Cockroach, Link, B.O.B., and the children rally against the pumpkins just as Susan turns up, but Wicked Jack fuses with the other pumpkins to combine and he become an even bigger giant. B.O.B decides to eat too much candy while the others attempt to defeat Wicked Jack seem to prove futile until Cockroach formulates a plan to overfeed the pumpkins with candy to bloat them up after seeing B.O.B. suffering from indigestion. While Susan keeps Wicked Jack distracted, the children‒backed up by Link and a Gatling gun platform built by Cockroach‒put Cockroach's plan into action. When all the candy is eventually used up, Cockroach sacrifices his swirly pop to push Wicked Jack to indigestion. As her parents come outside just in time, Susan sucker-punches Wicked Jack's head off before signaling Insectosaurus to destroy him. All the candy comes out unscathed and is collected by the children. As Cockroach ends his tragic dislike for Halloween since his childhood by giving his swirly pop to a young girl, Susan's parents admit that they will have to get used to "sharing her with the world". A single surviving pumpkin tries to sneak away but is found and scared into exploding by Link.

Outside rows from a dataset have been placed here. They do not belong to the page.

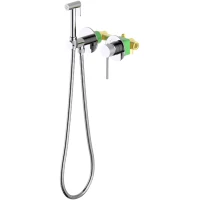Гигиенический душ Timo Saona 2339/00SM со смесителем, хром
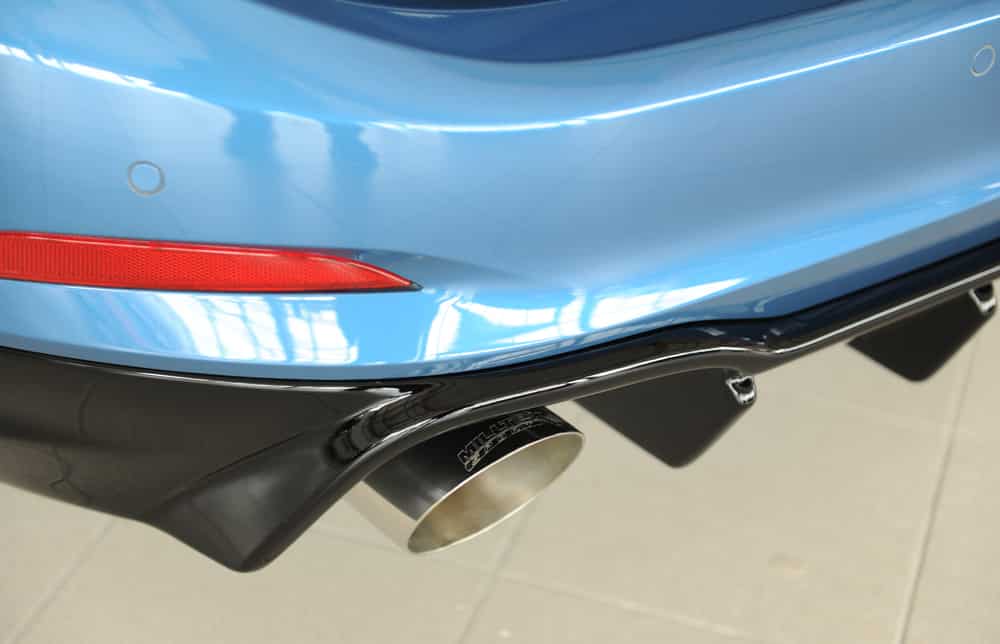 Rieger ford focus mk4 st estate (2018+) rear bumper diffuser 4 Rieger ford focus mk4 st estate (2018+) rear bumper diffuser - image 4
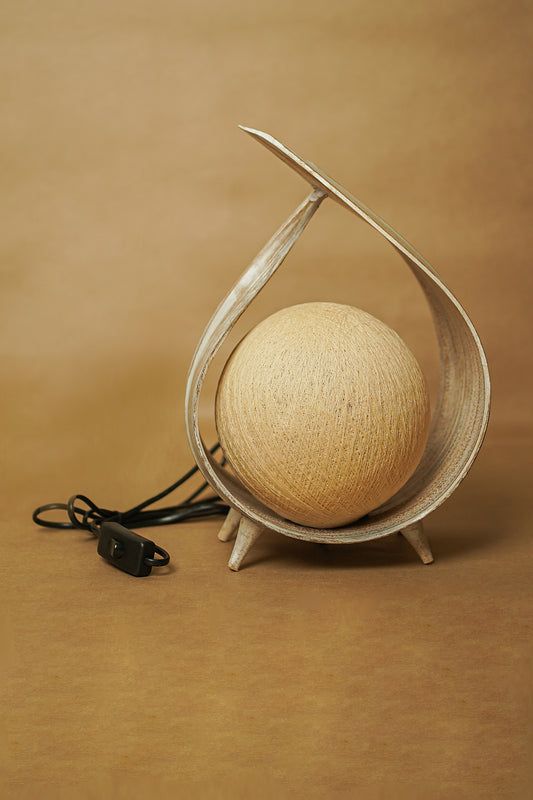 Coconut Lamp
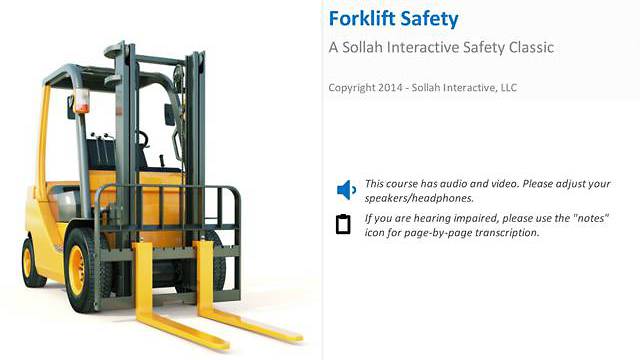 Forklift Safety™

General Monger eventually arrives to congratulate the monsters. The special ends on a cliffhanger and also, on a plot twist ending when unbeknownst to them, green goo from the pumpkin Link scared saturates a planting of carrots, causing a mutant carrot to be formed.

==Cast==

- Reese Witherspoon as Susan Murphy/Ginormica
- Seth Rogen as B.O.B.
- Hugh Laurie as Dr. Herbert Cockroach Ph.D.
- Will Arnett as The Missing Link
- Kiefer Sutherland as General W.R. Monger
- Rainn Wilson as Wicked Jack
- Jeffrey Tambor as Carl Murphy
- Julie White as Wendy Murphy
- Conrad Vernon as Man on Cell/Woman
- Rich Dietl as B.O.B. Kid/Husband/Young Man/Pumpkins
- Walt Dohrn as Link Kid
- Susan Fitzer as Little Girl
- Ava Kelly as Cat Girl
- Andrea Montana Knoll as Mom
- Latifa Ouaou as Boy/Old Lady
- Peter Ramsey as Dad/Farmer Jeb

==Home media==
The special was first released on DVD in the UK on September 27, 2010, exclusively at Tesco stores. In the US it was released as a stand-alone version on September 13, 2011, and on September 27, 2011, along with Scared Shrekless. It got its Blu-ray release on August 28, 2012, as a part of DreamWorks Spooky Stories.

==Sequel==

A sequel titled Night of the Living Carrots was released in October 2011 in two parts exclusively on the Nintendo 3DS video service until receiving a general release on August 28, 2012, as part of the Shrek's Thrilling Tales DVD and DreamWorks Spooky Stories Blu-ray. It directly follows Mutant Pumpkins, Dr. Cockroach, Link and B.O.B. trying to defeat hundreds of zombie carrots.